Exercise details — Copy out exactly the stretch of the listing below that begins at the line containing "Reebok Hoodie Tech" and ends at the line containing "14G 3/8 Acrylic", and copy nothing outside it.

Records shown —
^^^^^^^^

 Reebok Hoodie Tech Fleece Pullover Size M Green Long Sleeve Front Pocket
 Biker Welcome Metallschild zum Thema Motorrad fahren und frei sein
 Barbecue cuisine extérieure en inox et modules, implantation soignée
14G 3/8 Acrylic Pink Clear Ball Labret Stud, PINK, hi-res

^^^^^^^^

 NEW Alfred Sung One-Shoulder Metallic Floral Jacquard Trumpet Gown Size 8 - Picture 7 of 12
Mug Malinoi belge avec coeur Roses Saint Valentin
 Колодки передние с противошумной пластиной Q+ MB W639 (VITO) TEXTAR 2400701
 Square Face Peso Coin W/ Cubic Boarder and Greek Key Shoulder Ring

^^^^^^^^

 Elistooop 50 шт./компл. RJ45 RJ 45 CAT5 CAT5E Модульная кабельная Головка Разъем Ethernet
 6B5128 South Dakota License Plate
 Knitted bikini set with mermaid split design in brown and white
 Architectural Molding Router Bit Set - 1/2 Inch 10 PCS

^^^^^^^^

Response area —
 Reebok Hoodie Tech Fleece Pullover Size M Green Long Sleeve Front Pocket
 Biker Welcome Metallschild zum Thema Motorrad fahren und frei sein
 Barbecue cuisine extérieure en inox et modules, implantation soignée
14G 3/8 Acrylic Pink Clear Ball Labret Stud, PINK, hi-res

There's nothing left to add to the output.